P-51A / Accurate Miniatures
1/48

Arkut Yusuf Yüksel






Serdar Aytemiz’in katkılarıyla yapmış olduğum bu makete aylar önce başlamıştım; hatta bir seneyi geçmiş bile olabilir. Araya dersler ve başka maketlerin girmesi sebebiyle ancak geçen gün bitirebildim uçağı. Gerçi hâlâ eksiği var, sol taraftaki kanopi parçası. Keza kanopi tek parça olarak çıkıyor kutudan ve onca detay kapalı kalıyor. Pek tabii bilenler bilir sakarlıkta üstüme yoktur ve ben o parçayı kaybettim ya olsun o kadar.

Kitin toplanmasında bir sorun yaşadığımı, en azından macunluk bir sorun yaşadığımı hatırlamıyorum. Bunun dışında detay olarak yeteri kadar tatmin edici boyutta olan bir maket.

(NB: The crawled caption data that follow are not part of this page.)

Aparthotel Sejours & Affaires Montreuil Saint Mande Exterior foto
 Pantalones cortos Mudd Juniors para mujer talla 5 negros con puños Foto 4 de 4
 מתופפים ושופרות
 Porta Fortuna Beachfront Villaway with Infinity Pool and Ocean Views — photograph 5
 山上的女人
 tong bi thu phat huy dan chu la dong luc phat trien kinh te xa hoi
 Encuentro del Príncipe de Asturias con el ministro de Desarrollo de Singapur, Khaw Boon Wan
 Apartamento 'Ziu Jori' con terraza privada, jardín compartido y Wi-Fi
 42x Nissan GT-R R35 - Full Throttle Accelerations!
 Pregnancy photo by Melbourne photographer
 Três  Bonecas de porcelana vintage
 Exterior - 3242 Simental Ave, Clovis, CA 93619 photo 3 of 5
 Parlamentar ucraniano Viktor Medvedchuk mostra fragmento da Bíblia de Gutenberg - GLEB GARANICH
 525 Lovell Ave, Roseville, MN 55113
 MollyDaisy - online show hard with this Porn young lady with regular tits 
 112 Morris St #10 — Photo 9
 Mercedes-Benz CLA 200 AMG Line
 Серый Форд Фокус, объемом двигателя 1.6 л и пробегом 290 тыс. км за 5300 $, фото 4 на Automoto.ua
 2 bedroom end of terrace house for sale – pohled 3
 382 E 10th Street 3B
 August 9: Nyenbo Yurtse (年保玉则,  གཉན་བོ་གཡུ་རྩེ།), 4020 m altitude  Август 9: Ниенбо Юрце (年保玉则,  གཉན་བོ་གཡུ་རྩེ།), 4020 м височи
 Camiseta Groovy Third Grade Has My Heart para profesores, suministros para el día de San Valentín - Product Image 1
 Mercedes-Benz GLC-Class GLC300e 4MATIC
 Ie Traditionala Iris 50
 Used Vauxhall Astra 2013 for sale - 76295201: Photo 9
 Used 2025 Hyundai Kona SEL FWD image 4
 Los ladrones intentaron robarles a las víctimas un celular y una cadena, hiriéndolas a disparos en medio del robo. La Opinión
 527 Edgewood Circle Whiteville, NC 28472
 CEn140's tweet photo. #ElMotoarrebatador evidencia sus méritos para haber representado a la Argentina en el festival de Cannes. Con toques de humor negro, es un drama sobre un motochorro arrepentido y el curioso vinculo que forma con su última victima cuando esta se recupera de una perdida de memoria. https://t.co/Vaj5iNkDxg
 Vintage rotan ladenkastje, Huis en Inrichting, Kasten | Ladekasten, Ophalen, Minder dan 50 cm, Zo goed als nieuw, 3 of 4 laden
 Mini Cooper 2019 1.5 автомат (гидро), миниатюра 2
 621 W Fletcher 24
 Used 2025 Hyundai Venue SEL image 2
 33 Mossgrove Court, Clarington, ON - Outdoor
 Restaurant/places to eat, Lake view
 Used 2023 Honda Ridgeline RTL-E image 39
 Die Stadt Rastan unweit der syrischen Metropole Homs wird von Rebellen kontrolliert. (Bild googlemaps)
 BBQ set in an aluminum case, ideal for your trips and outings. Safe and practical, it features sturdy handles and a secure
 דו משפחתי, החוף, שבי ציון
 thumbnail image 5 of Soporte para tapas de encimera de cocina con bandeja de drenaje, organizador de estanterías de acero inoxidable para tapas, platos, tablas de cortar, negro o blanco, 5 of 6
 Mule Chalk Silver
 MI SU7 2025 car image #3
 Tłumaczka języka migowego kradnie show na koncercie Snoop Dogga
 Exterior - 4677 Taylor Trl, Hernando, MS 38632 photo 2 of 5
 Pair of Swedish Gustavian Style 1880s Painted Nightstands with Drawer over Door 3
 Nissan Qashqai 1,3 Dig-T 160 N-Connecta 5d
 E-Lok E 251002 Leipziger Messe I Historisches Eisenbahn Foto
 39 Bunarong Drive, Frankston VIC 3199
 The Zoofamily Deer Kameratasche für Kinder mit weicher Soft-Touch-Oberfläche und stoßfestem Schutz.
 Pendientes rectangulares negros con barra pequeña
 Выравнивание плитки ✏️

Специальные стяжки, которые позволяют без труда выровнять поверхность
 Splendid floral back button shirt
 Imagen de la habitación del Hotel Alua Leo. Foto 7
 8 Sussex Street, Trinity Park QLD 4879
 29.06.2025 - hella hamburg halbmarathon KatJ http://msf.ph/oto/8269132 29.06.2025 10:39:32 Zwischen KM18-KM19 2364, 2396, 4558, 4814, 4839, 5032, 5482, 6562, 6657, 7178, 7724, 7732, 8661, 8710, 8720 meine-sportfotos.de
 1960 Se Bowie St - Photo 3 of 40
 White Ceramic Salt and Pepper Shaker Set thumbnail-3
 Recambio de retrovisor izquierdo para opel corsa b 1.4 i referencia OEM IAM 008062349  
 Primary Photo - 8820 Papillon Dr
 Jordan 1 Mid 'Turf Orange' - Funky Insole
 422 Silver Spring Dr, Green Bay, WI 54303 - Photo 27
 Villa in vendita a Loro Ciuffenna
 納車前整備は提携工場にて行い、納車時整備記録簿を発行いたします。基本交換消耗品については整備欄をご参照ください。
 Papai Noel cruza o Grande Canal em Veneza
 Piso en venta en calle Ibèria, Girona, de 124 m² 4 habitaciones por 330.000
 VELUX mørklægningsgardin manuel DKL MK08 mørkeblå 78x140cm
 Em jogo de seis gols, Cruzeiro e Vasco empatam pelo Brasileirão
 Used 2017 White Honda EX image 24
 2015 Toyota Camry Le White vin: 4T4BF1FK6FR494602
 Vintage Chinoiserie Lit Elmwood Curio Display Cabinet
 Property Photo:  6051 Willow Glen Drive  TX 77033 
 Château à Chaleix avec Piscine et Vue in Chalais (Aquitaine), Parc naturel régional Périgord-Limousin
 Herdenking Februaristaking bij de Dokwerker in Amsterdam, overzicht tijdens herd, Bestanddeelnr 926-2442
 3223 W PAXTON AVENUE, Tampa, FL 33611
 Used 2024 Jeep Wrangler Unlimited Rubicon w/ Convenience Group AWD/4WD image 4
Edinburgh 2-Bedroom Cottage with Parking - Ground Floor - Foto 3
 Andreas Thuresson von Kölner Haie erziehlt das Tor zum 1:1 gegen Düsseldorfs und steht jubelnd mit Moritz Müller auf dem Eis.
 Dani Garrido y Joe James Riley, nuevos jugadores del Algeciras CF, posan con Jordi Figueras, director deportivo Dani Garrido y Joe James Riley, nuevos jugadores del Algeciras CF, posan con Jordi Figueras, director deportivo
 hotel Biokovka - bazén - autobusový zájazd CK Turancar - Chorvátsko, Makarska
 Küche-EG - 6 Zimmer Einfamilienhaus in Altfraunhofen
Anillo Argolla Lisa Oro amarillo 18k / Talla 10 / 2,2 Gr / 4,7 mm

Maketin yapımı kutudan çıktığı gibi oldu (aslında sadece koltuk kemerlerini eduard’dan ekledim)

Yapımın sonunda boyamayı müteakip eskitmeye sıra geldiki burada tamamen hayal gücümü kullandım.

Kanatlara önce metal sonra sarı sonra “olive drab” rengini atmıştım ki gözümün döneceği baştan belliymiş kanat köklerine zımpara ile daldım ve metale kadar indim, yinede gazabıma uğrayan bir tek sağ taraf oldu; eh malum o taraf daha çok kullanılıyor bu uçaklarda inip binmek için.

Sonrasında “yahu bu uçak afrika’nın tunus ülkesinde uçmuş,çöle yakınmış, güneşten kavrulmuştur zavallıcık” deyip “olive drab” rengine beyaz katmak sureti ile açmış olduğum rengi oraya buraya attım ve uçağın rengini soldurtmaya çalıştım.

Oradan buradan- pek tabii özellikle motorun ve hareketli parçaların orada- yağ kaçağını simüle etmeye çalışmışken bir de şu kuyruk takımındaki bez parçaları soldurayım dedim ki aklımı kaybedip karışımdan elde ettiğim tonun hepsini uyguladım.

En sonunda “bu sıcakta metali bolca dökülmüştür garibimin” deyip kafama uygun olan yerlere metal eskimesi yaptım ve tam da bitti derken “yahu bunlar bi de to toprağa maruz kalıyorlar, dur bir de ben bunun altında yere yakın olan göbecik kısmına toz efekti yapayım” dedim ve hunharca tabancayı alıp tetiği sıktım.

Sonuç ortada, bu kadar kötü olaya maruz kaldıktan sonra umarım geride kalanlar hoşunuza gitmiştir.

Fotoğrafları çeken Ufuk Aydıner’e teşekkürlerimi borç bilirim.